→ PROBLEM TO WORK ON: Copy out the data below from the line containing "A couple sitting" to the line containing "Glass plaque of", both lines included, with all images left out.

################

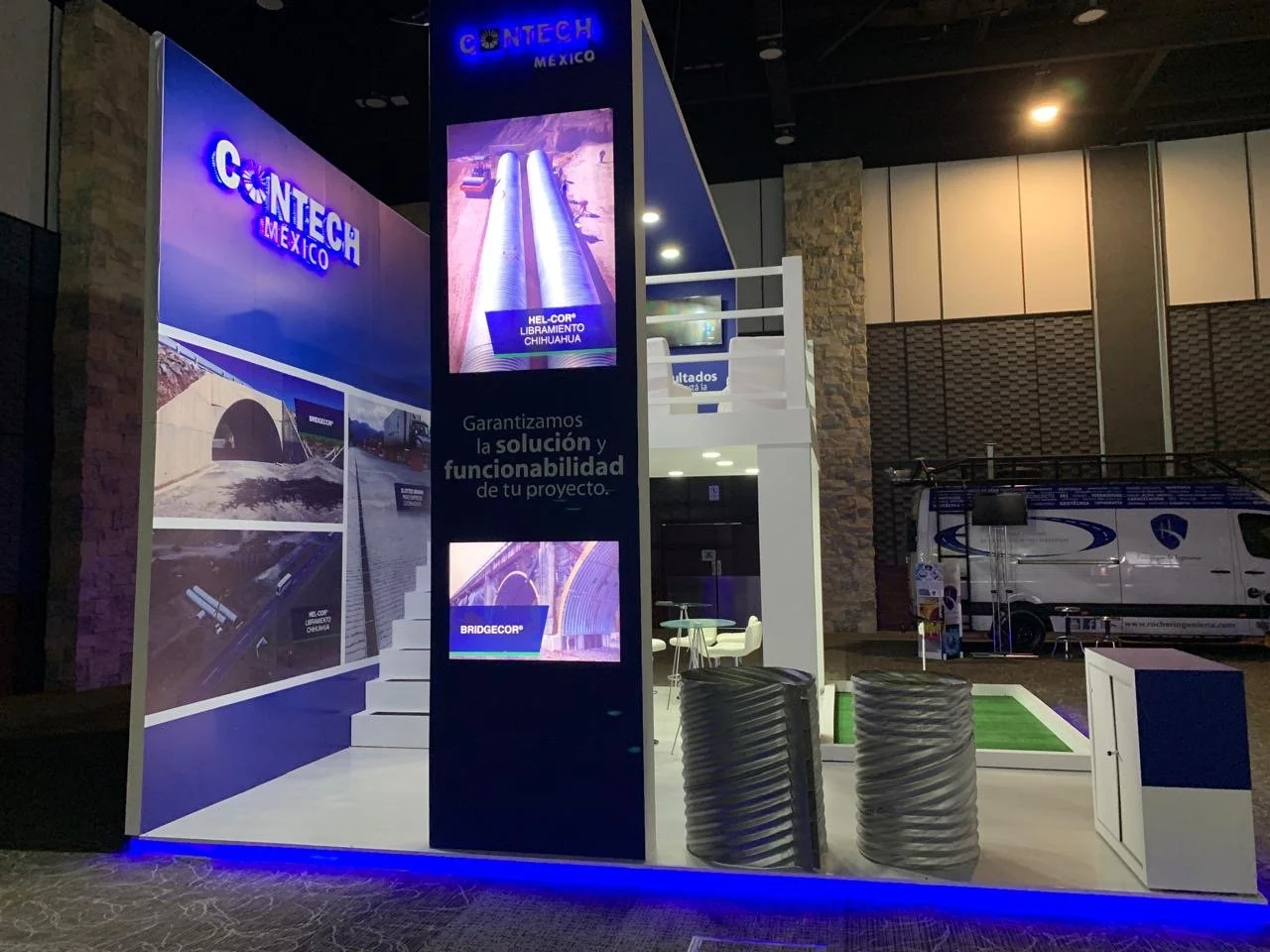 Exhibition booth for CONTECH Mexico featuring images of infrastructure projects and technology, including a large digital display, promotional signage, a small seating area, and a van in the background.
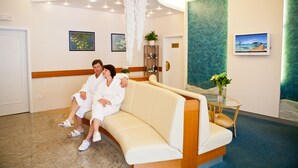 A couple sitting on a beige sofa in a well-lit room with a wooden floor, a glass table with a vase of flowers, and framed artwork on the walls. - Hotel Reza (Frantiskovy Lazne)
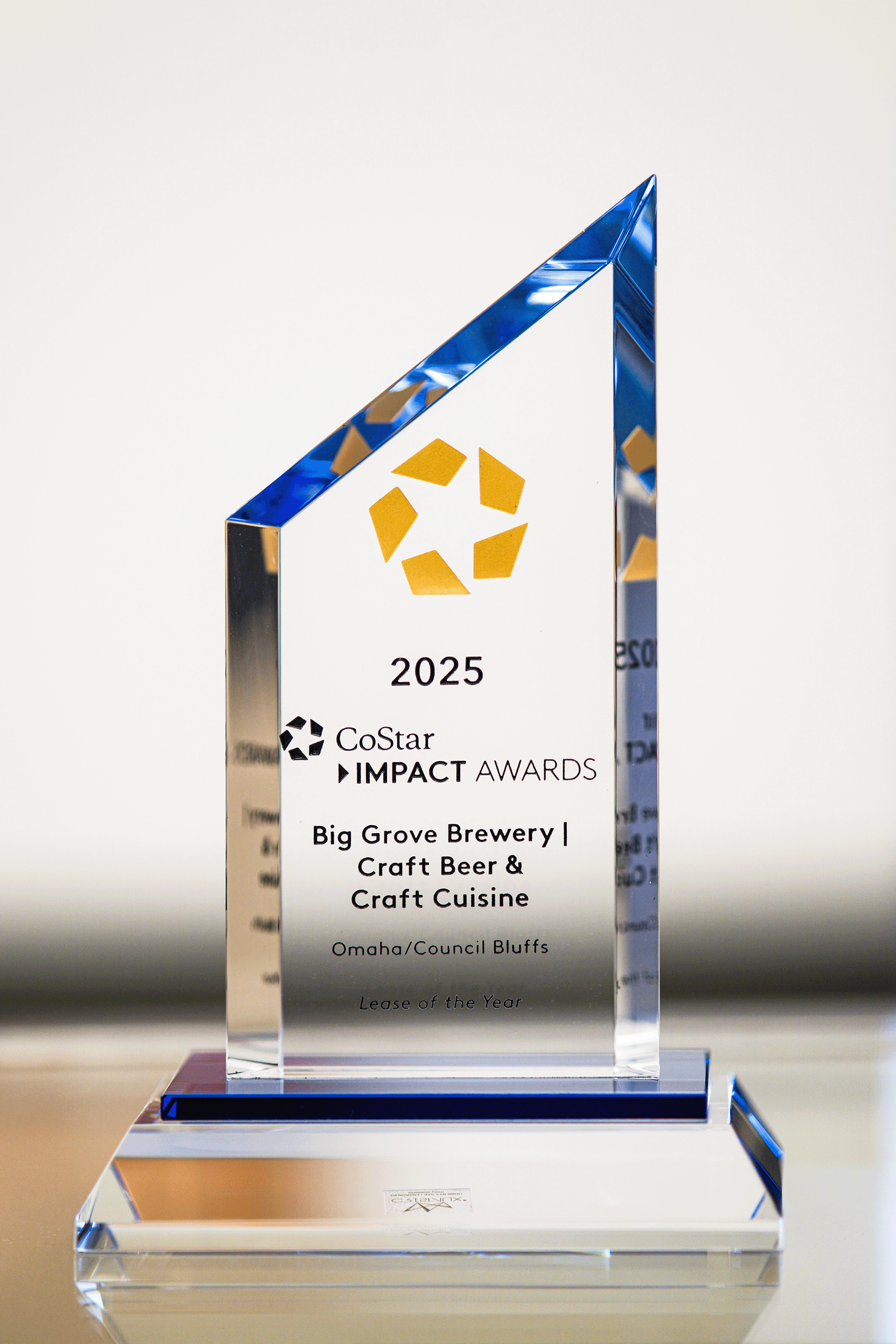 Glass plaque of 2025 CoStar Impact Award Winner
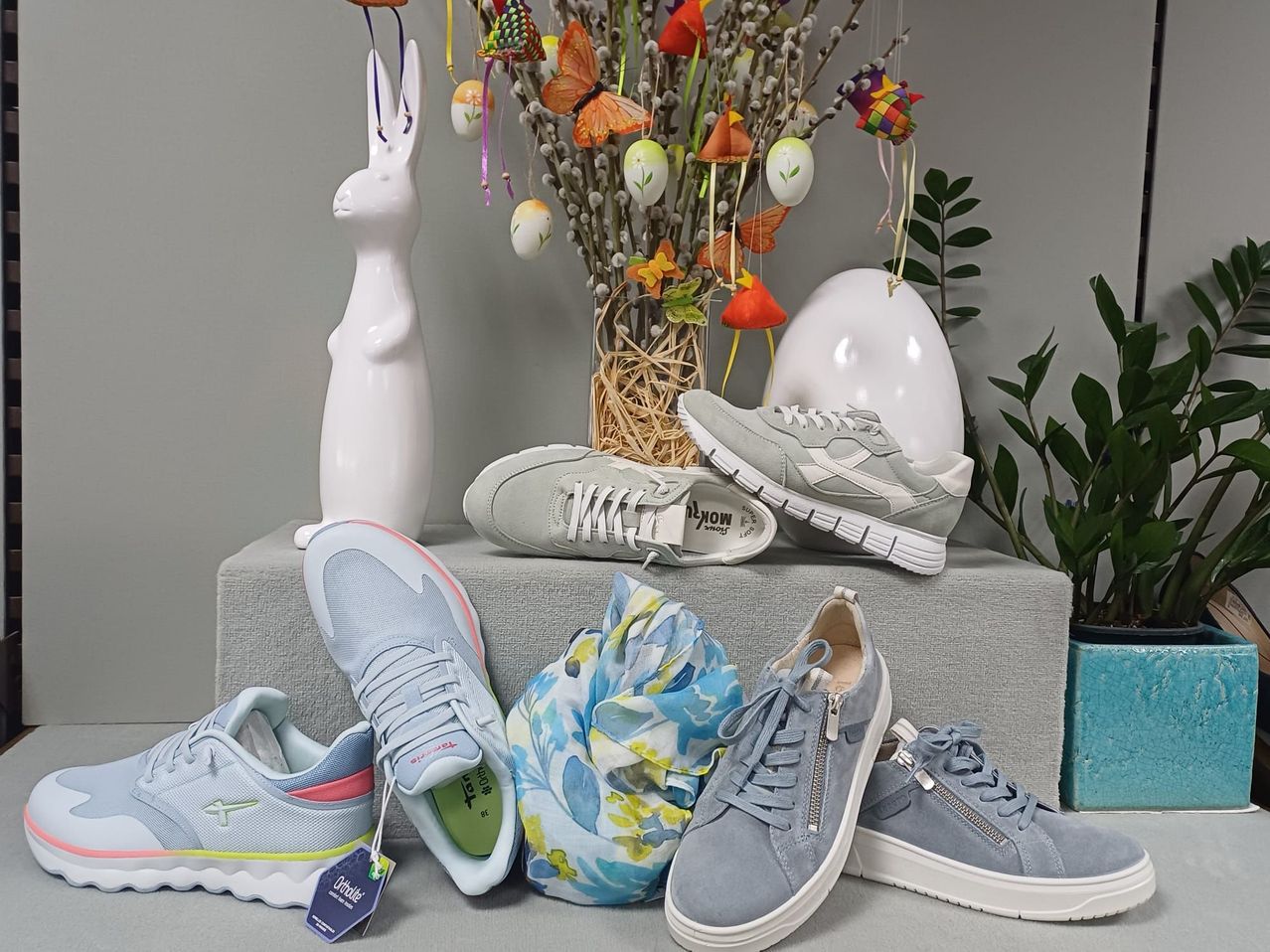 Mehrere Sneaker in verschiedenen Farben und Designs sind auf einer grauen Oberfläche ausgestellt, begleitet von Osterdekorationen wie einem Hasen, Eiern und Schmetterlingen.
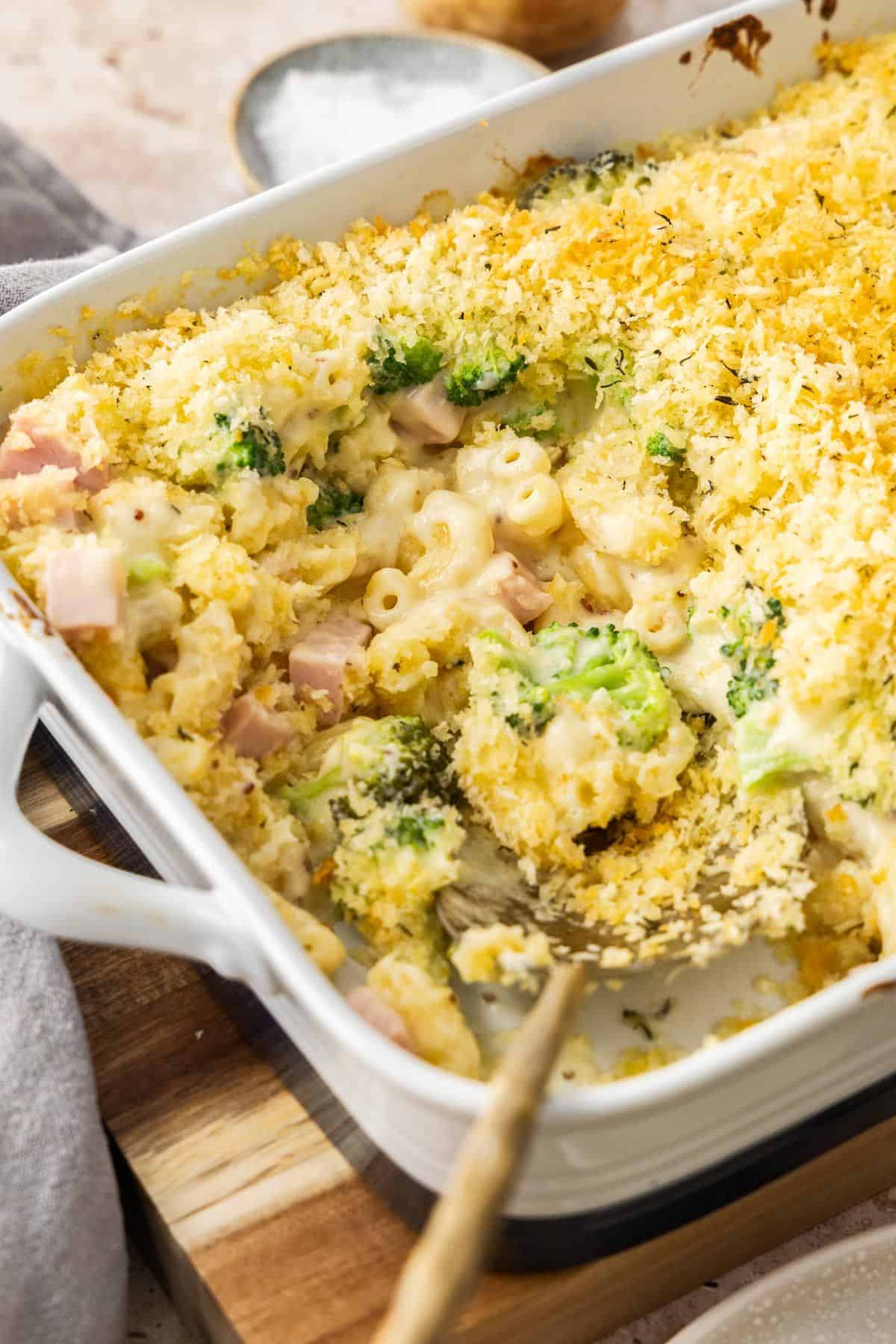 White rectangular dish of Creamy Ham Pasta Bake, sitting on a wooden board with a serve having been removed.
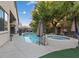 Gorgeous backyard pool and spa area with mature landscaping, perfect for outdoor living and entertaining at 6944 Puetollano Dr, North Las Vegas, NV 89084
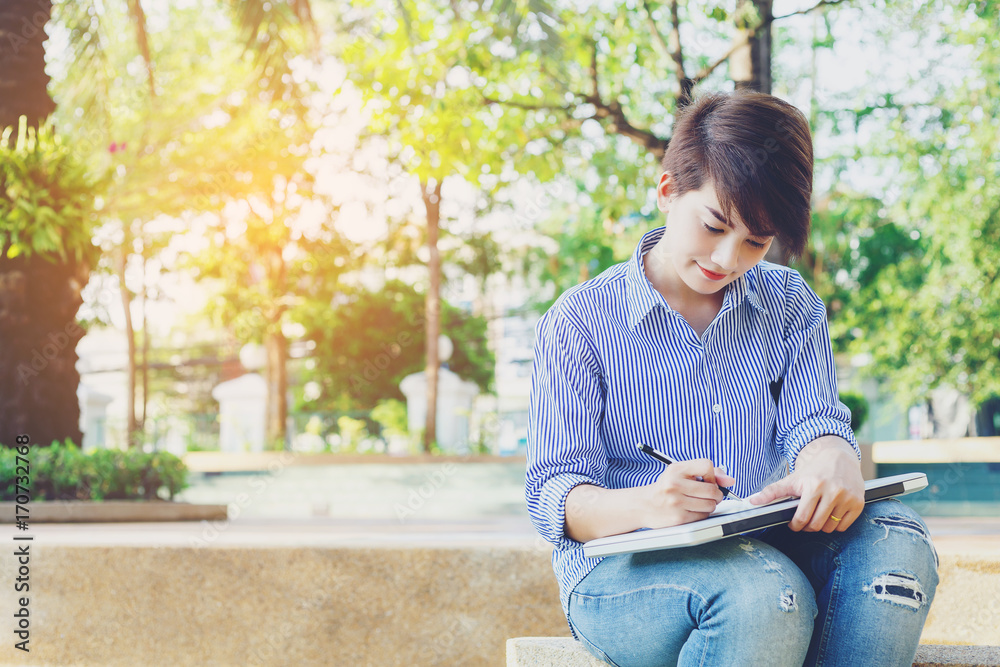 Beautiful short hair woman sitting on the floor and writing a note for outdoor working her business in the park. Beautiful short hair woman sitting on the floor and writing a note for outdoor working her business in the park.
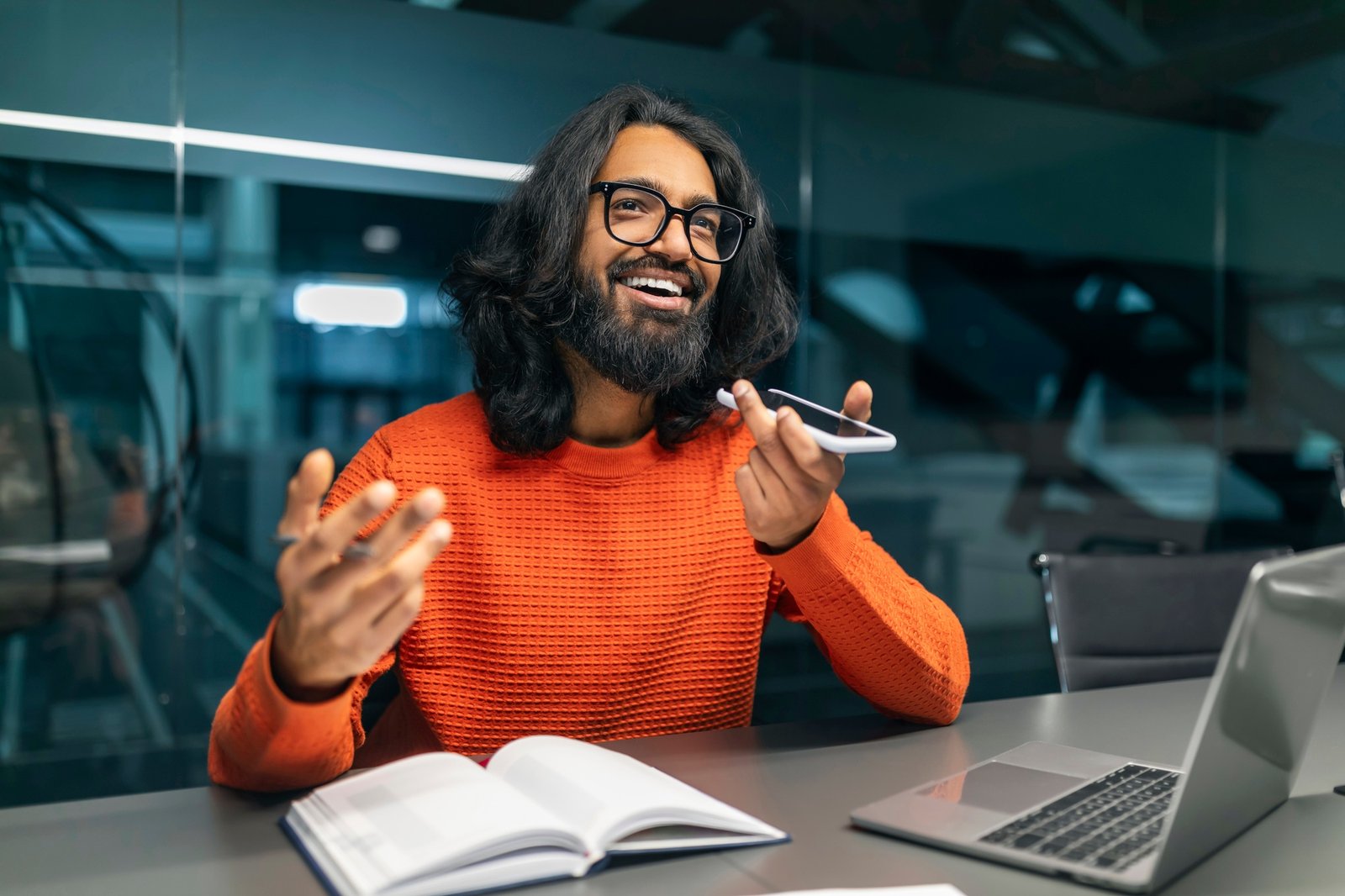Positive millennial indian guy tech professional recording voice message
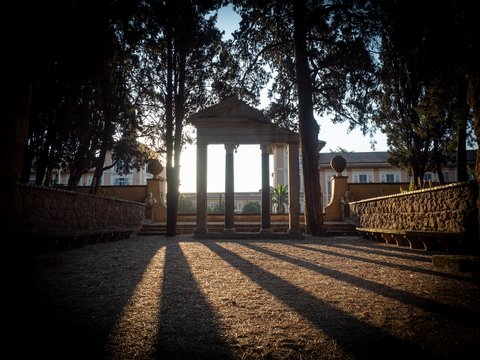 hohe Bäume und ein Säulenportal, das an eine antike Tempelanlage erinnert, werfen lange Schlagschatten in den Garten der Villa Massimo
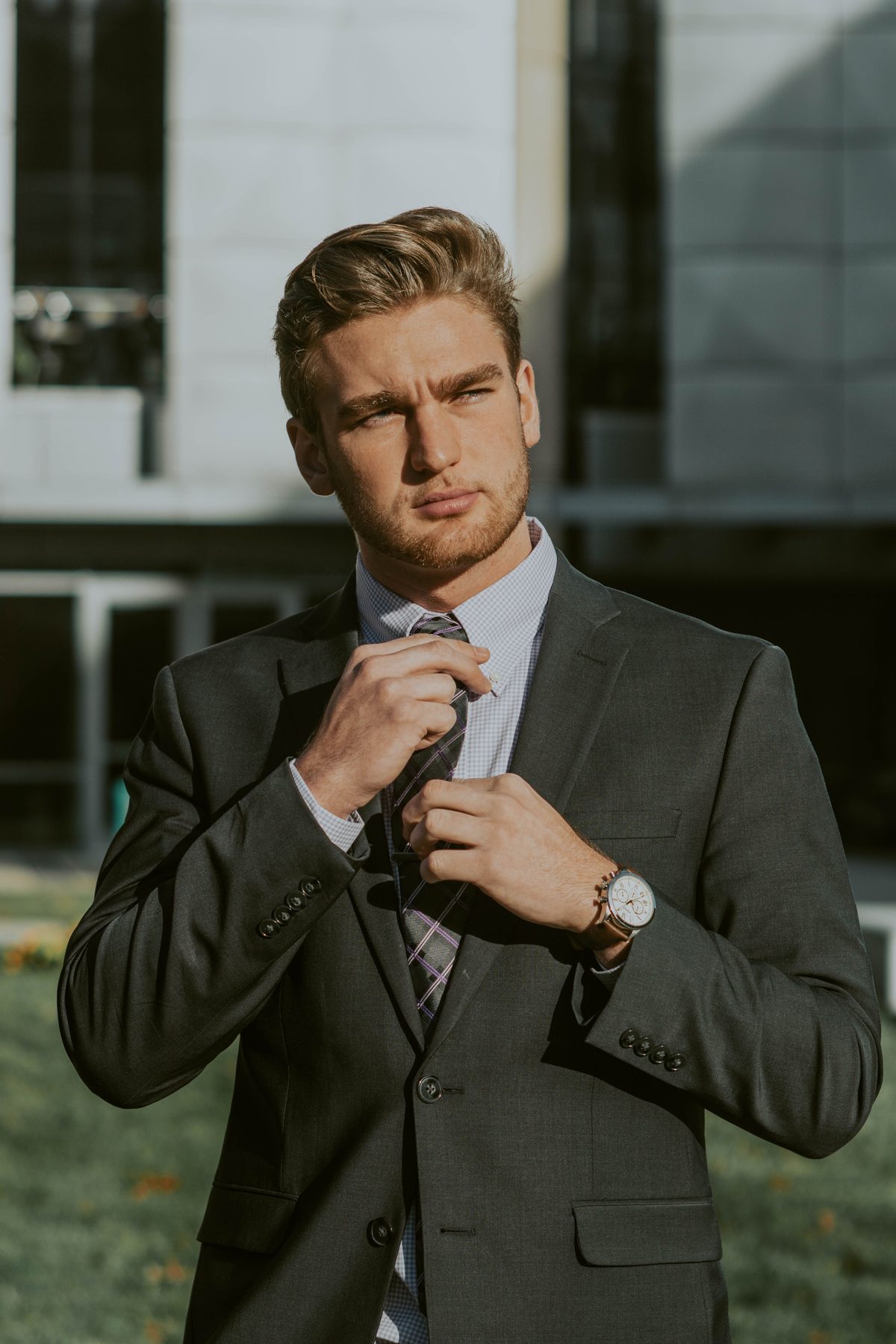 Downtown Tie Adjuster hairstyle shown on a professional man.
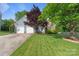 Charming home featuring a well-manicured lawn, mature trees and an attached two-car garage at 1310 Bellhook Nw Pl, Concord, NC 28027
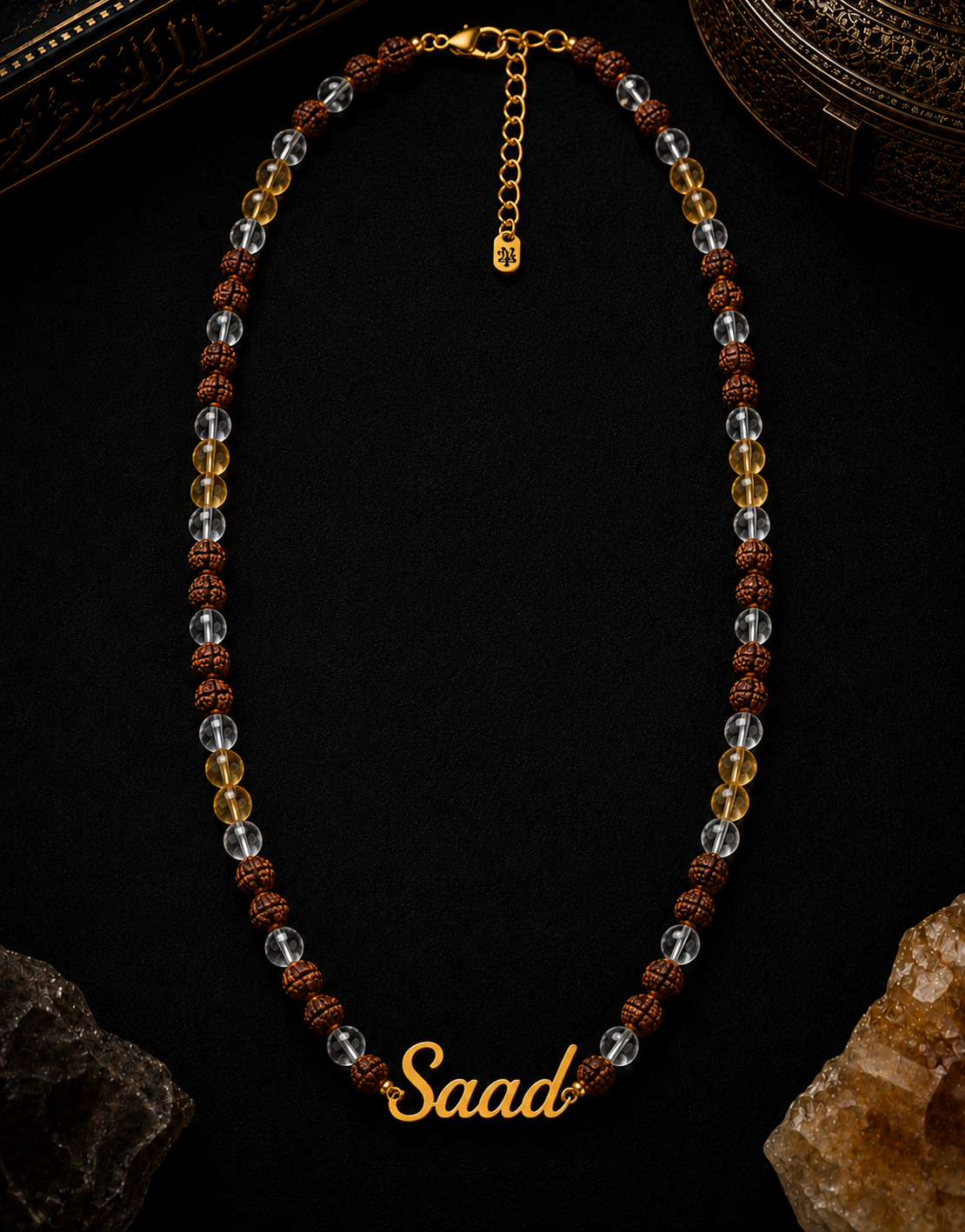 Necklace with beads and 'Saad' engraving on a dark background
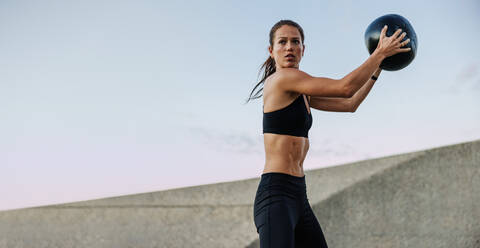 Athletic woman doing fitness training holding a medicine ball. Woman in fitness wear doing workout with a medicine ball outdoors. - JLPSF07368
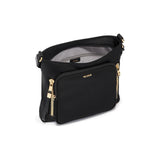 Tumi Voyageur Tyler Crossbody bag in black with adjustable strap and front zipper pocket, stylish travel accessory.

################

→ WRITTEN REPLY:
 A couple sitting on a beige sofa in a well-lit room with a wooden floor, a glass table with a vase of flowers, and framed artwork on the walls. - Hotel Reza (Frantiskovy Lazne)
 Glass plaque of 2025 CoStar Impact Award Winner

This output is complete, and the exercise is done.